Design considerations for the machine learning compute servers include:
- PowerEdge server and VxRail models—PowerEdge R7525 or PowerEdge R750 servers are ideal for mainstream performance. The PowerEdge R750xa server is designed for accelerators and provides the most GPU density among PowerEdge servers. Customers requiring an HCI appliance that is turn-key and provides full stack life cycle management can select VxRail as the compute server. All these models are NVIDIA-Certified Systems, which means that they have been validated to provide optimal performance, scalability, and security for accelerated workloads.
- Number of compute servers—We have validated up to four servers per VMware vSphere cluster. VMware supports a maximum of 64 nodes per cluster.
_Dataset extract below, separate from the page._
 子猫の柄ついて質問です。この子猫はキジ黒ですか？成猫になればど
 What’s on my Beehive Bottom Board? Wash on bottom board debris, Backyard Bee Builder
- Processor and memory— We recommend Intel Xeon Platinum or Gold processors for PowerEdge R750, PowerEdge R750xa, and VxRail 670F, and AMD EPYC processor for PowerEdge R7525. We recommend at least 512 GB memory for memory-intensive AI workloads.
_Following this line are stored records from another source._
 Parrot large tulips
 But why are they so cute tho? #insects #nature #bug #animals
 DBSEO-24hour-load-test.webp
- GPUs—The PowerEdge servers can be configured with NVIDIA A100 or A30 GPUs. The A100 GPU is recommended for deep learning and training of complex neural networks. The A30 GPU is recommended for AI inference, language processing, conversational AI, and recommender systems.
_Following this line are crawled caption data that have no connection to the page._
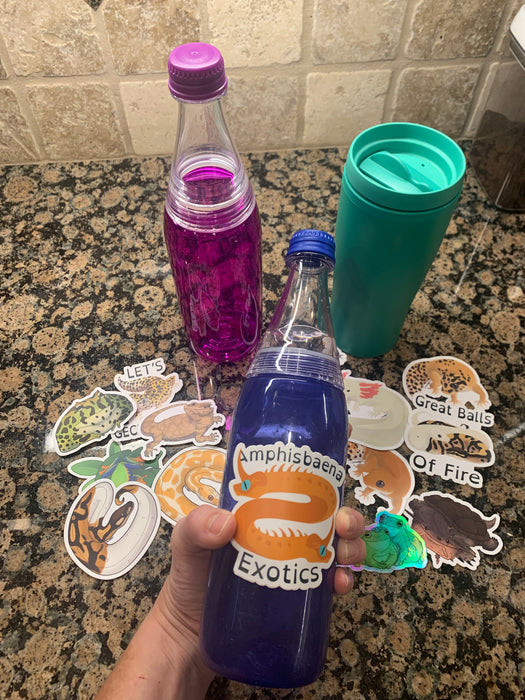 A photo of a decal from Amphisbaena Exotics on a cup to show that the decals are dishwasher safe when applied properly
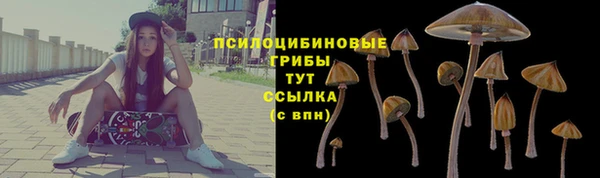 мяу мяу мука Верея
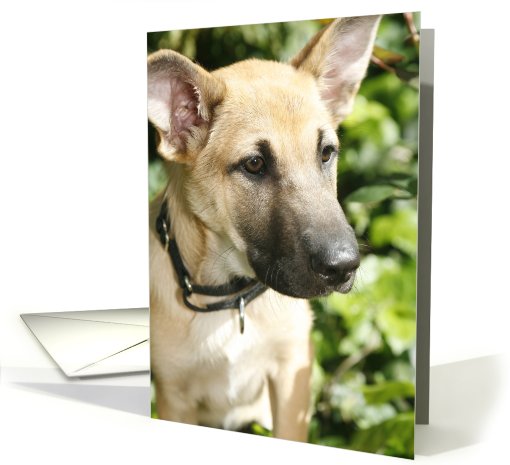 Bandit the Chinook Puppy card (428336)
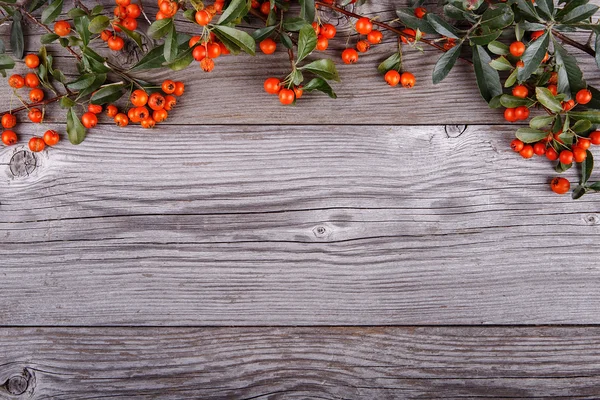 Orange Pyracantha berries on old wooden texture board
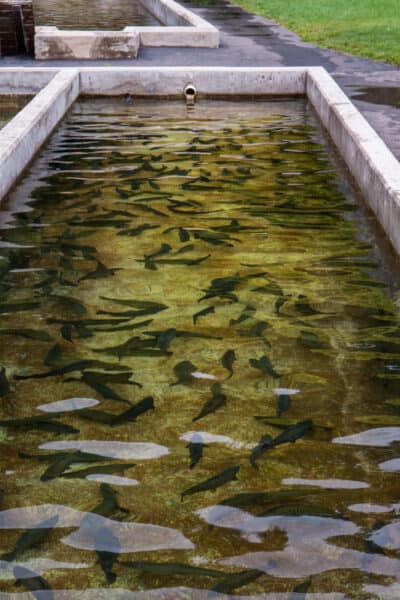 Brown trout at the Powder Mills Fish Hatchery in Monroe County New York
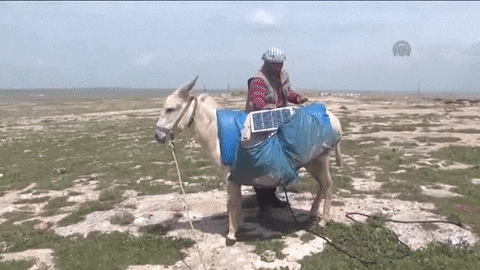 Donkey Carrying GIF - Find & Share on GIPHY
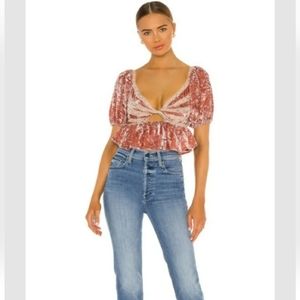 Free People Womens Velvet Pink V Neck Pouf Peplum Sleeve Crop Top Size XS  NWT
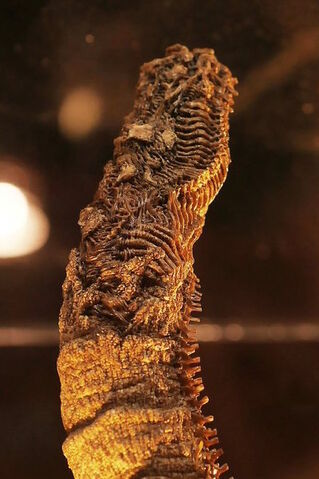 File:Close up as tail.jpeg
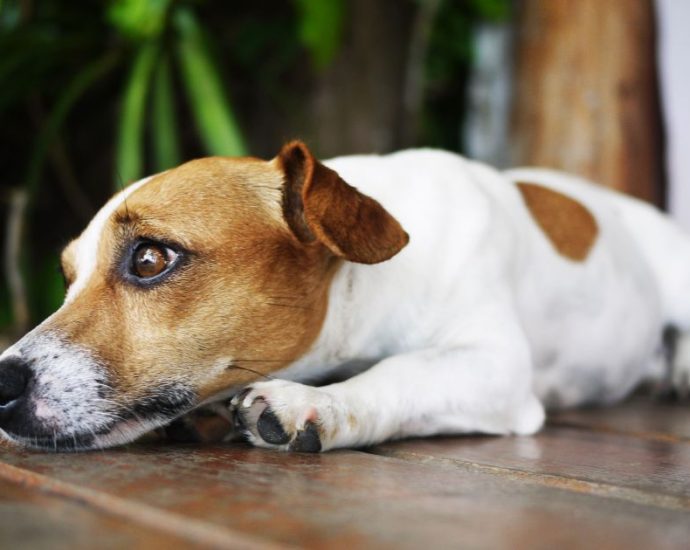 Ansiedade de Separação em Animais de Estimação: Como Ajudar Seu Pet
- Storage for VMware ESXi—For better reliability, higher performance, and increased isolation from VM data, we recommend that you install VMware ESXi on the BOSS controller.
- Storage controller and hard drives for vSAN—A Dell HBA330 controller is used as the storage controller for vSAN. Customer workloads and VM requirements determine the hard drive requirements. We used 800 GB SSD SAS Write Intensive for the vSAN cache tier and 960 GB SSD SAS Read Intensive for the vSAN capacity tier.
- Network adapters—As shown in Table 5, the 25 GbE design uses the ConnectX-5/ConnectX-6 network adapter and the 100 GbE design uses the ConnectX-6 network adapters. The 100 GbE design also uses the Intel X710 10 GbE network adapter for management, vSphere vMotion, and other VMs that do not require 100 GbE traffic.
VMware vCenter Server can be deployed in either of the following ways:
- vCenter Server is installed on one PowerEdge or VxRail server (compute cluster). This deployment is only recommended for small environments. Be careful during maintenance, upgrades, and other host operations that might impact the availability of the vCenter server.
- vCenter Server is installed on a separate management cluster and has network connectivity to the compute cluster with GPUs.